What the exercise asks
Without including any pictures, write out the data below exactly.

Data provided
++++++++++

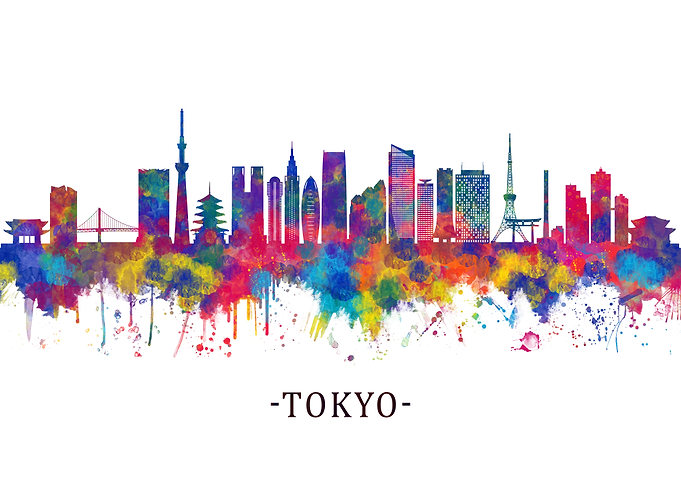 Tokyo Japan Skyline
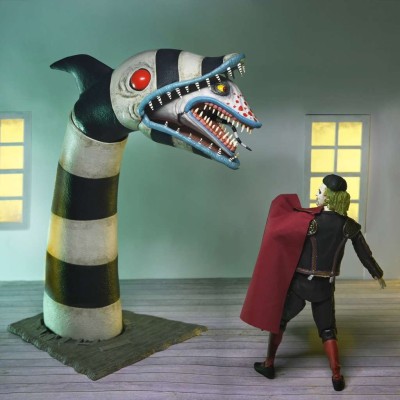 BEETLEJUICE BEETLEJUICE ULTIMATE MATADOR BEETLEJUICE AND SANDWORM ACTION FIGURE NECA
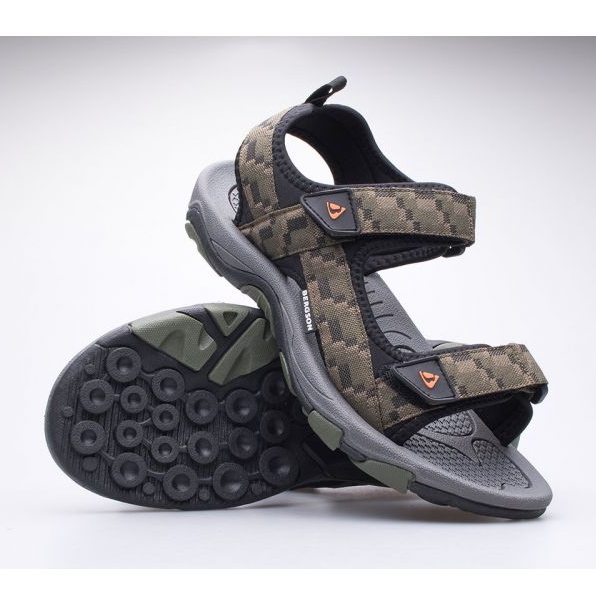 Bergson Benue Wander-Herrensandalen BRG00127 grün 1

++++++++++

Solved problem
 Tokyo Japan Skyline
 BEETLEJUICE BEETLEJUICE ULTIMATE MATADOR BEETLEJUICE AND SANDWORM ACTION FIGURE NECA
 Bergson Benue Wander-Herrensandalen BRG00127 grün 1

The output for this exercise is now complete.